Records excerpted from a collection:

_ _ _ _ _ _ _

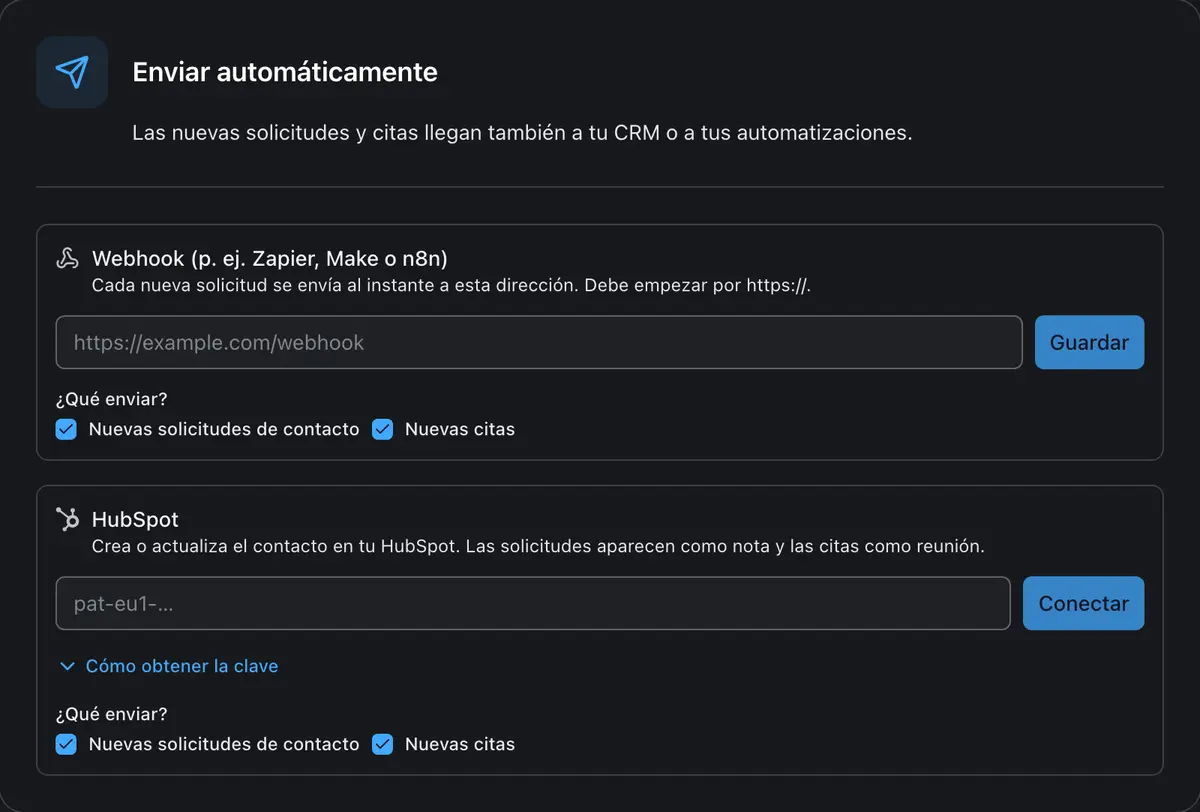 Enviar automáticamente nuevas consultas a HubSpot o a un webhook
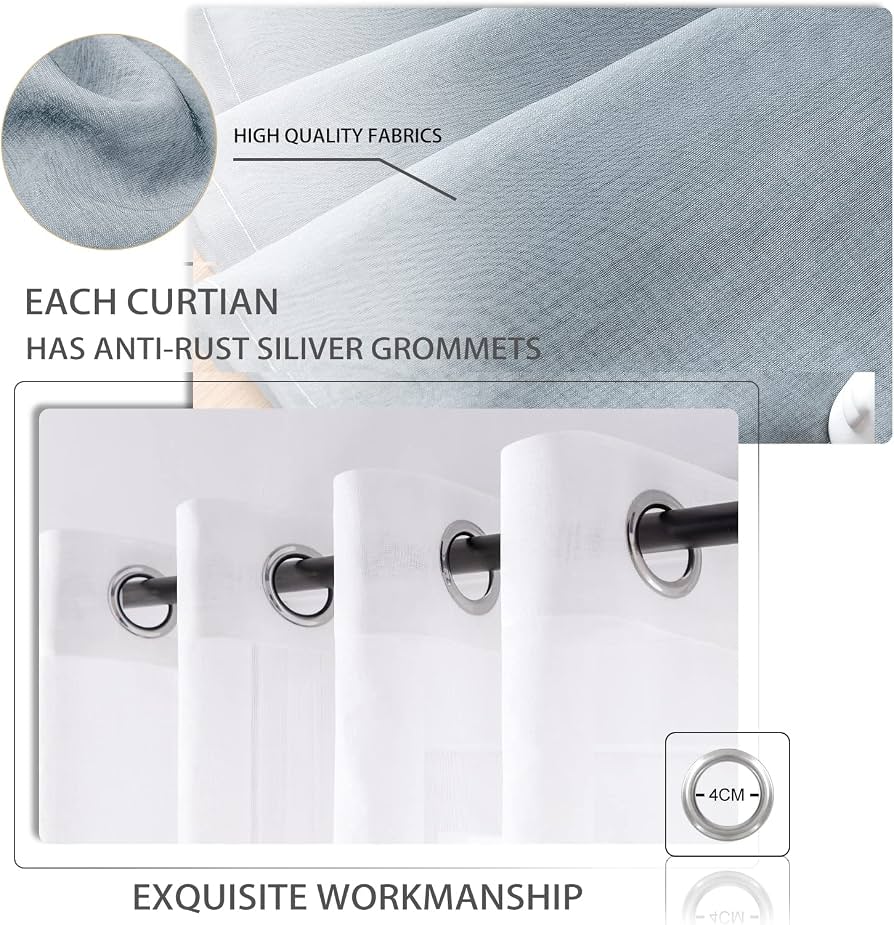EMEMA Voile Tende Trasparenti con Occhielli Sfumato per Soggiorno Verticale Tenda per Finestra per Soggiorno e Camera da Letto 2 Pannelli 140 x 160 CM Rosa
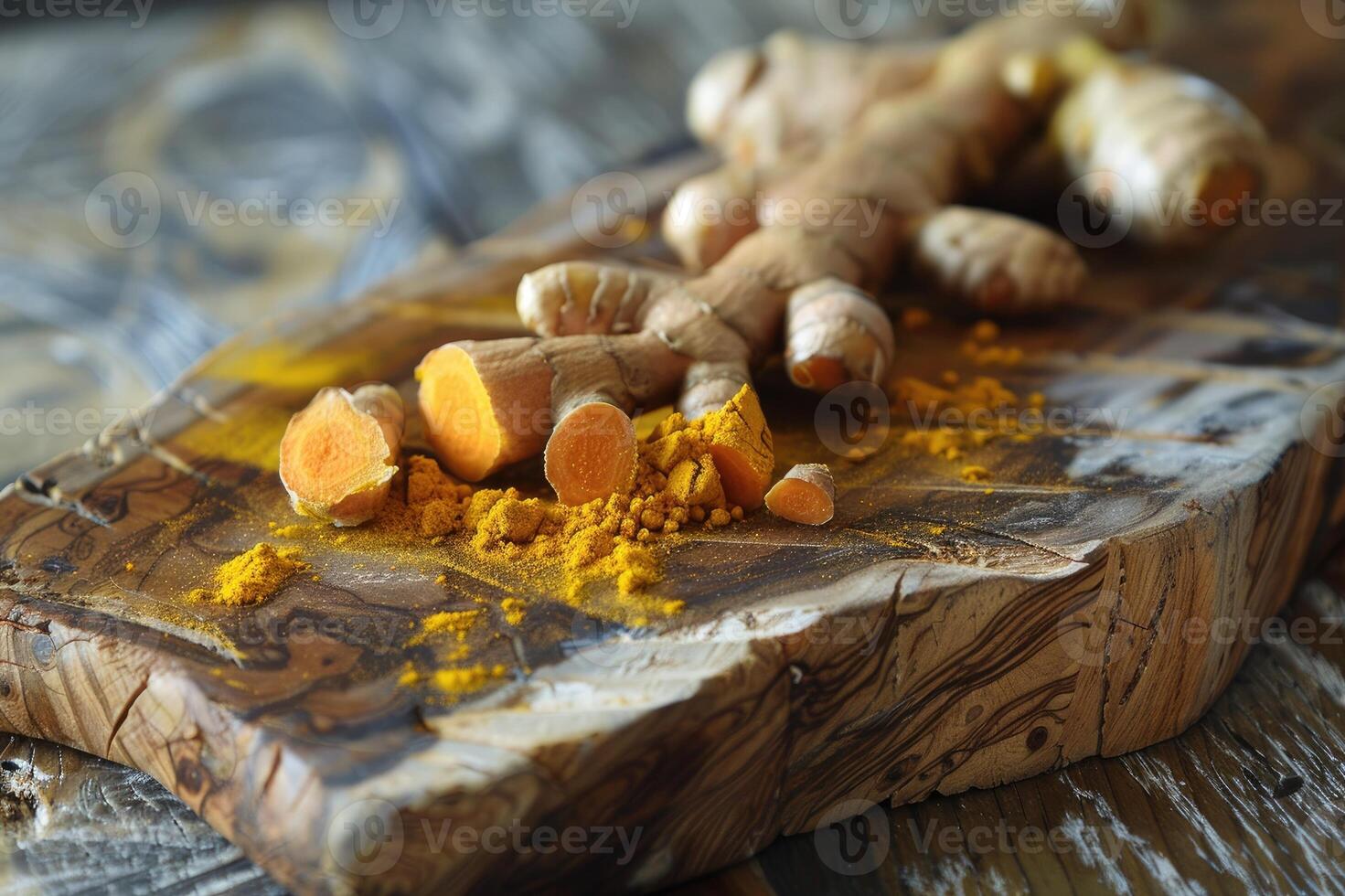 Ground turmeric on wooden board with roots photo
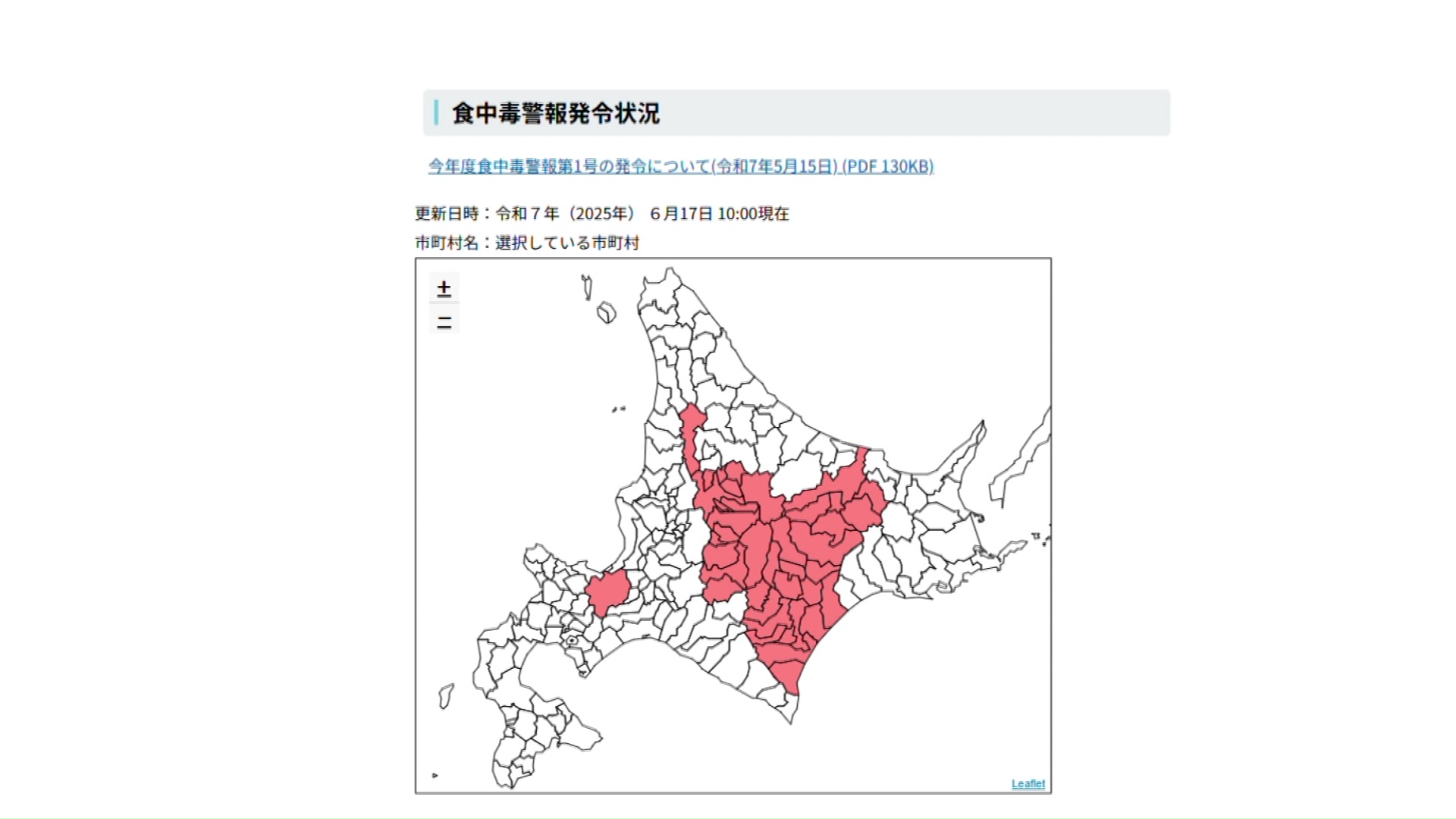 食中毒警報発令状況
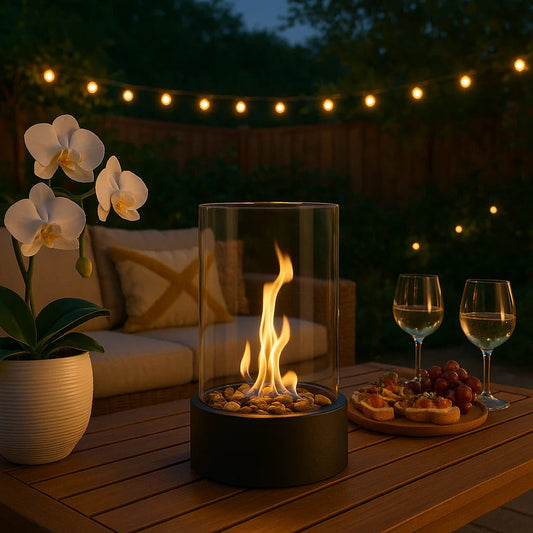 Tabletop Bioethanol Fireplace with Clear Glass Panels and Metal Base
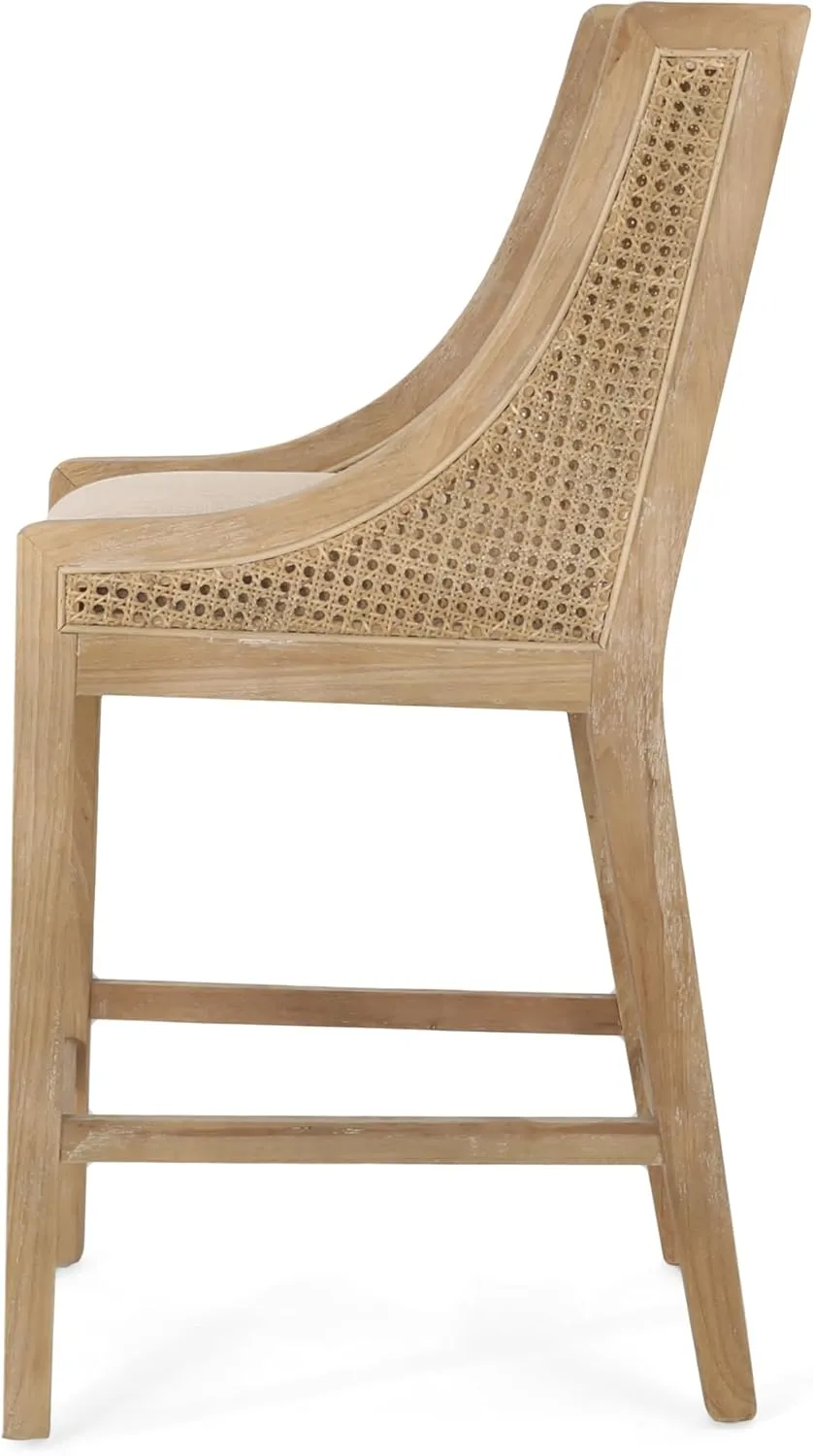 Merax 25.5" Fabric Upholstered Wood and Cane Counter Stools with Backrest,Set of 2,French Country Barstools
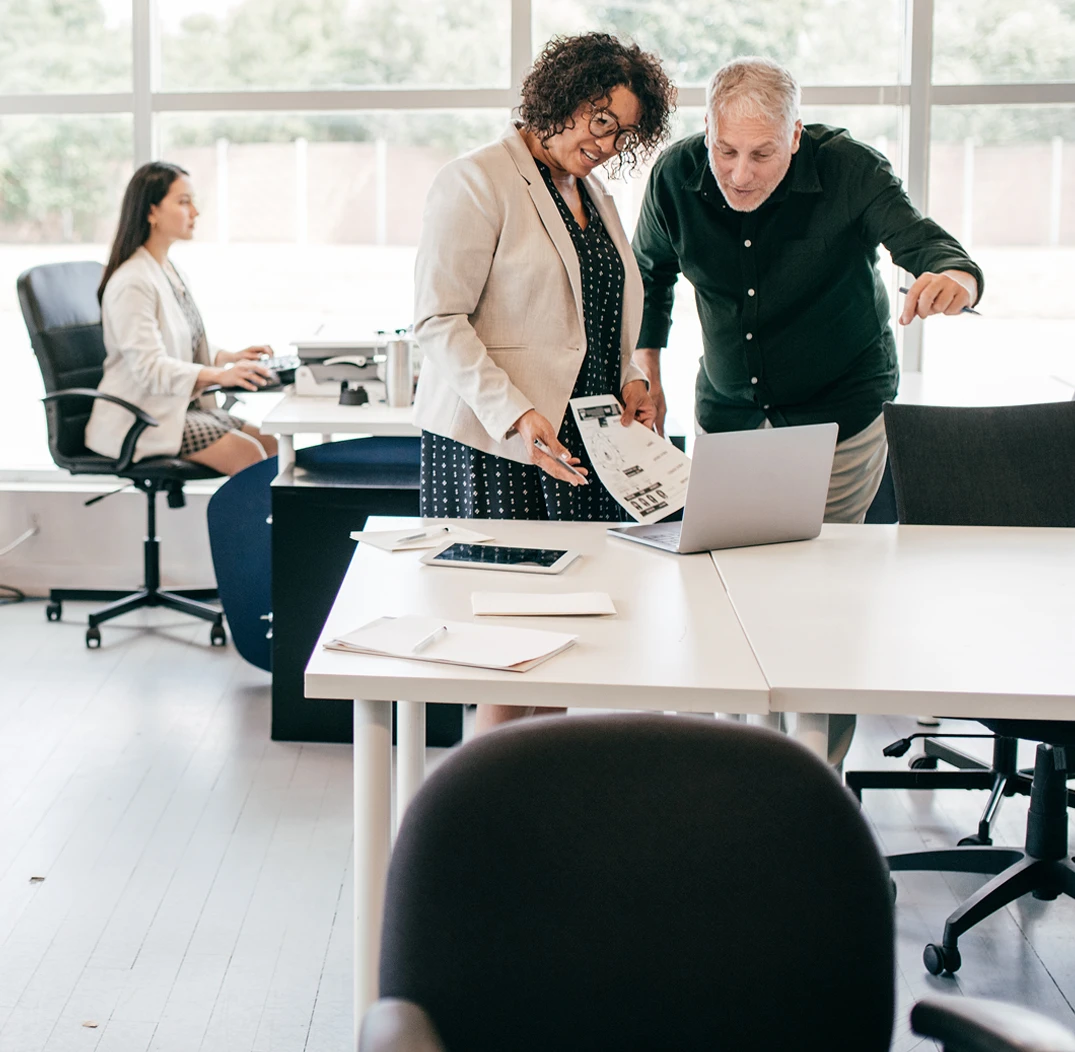 Couple working in office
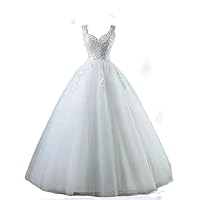 ZJ9076 Ball Gown Spaghetti Straps White Ivory Tulle Pearls Bridal Dress for Wedding Dresses 2023 Marriage Customer Made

_ _ _ _ _ _ _

_What you have to do_: Reproduce the data exactly as it appears above. Pictures are to be left out.

_Expected answer_:
 Enviar automáticamente nuevas consultas a HubSpot o a un webhook
EMEMA Voile Tende Trasparenti con Occhielli Sfumato per Soggiorno Verticale Tenda per Finestra per Soggiorno e Camera da Letto 2 Pannelli 140 x 160 CM Rosa
 Ground turmeric on wooden board with roots photo
 食中毒警報発令状況
 Tabletop Bioethanol Fireplace with Clear Glass Panels and Metal Base
 Merax 25.5" Fabric Upholstered Wood and Cane Counter Stools with Backrest,Set of 2,French Country Barstools
 Couple working in office
 ZJ9076 Ball Gown Spaghetti Straps White Ivory Tulle Pearls Bridal Dress for Wedding Dresses 2023 Marriage Customer Made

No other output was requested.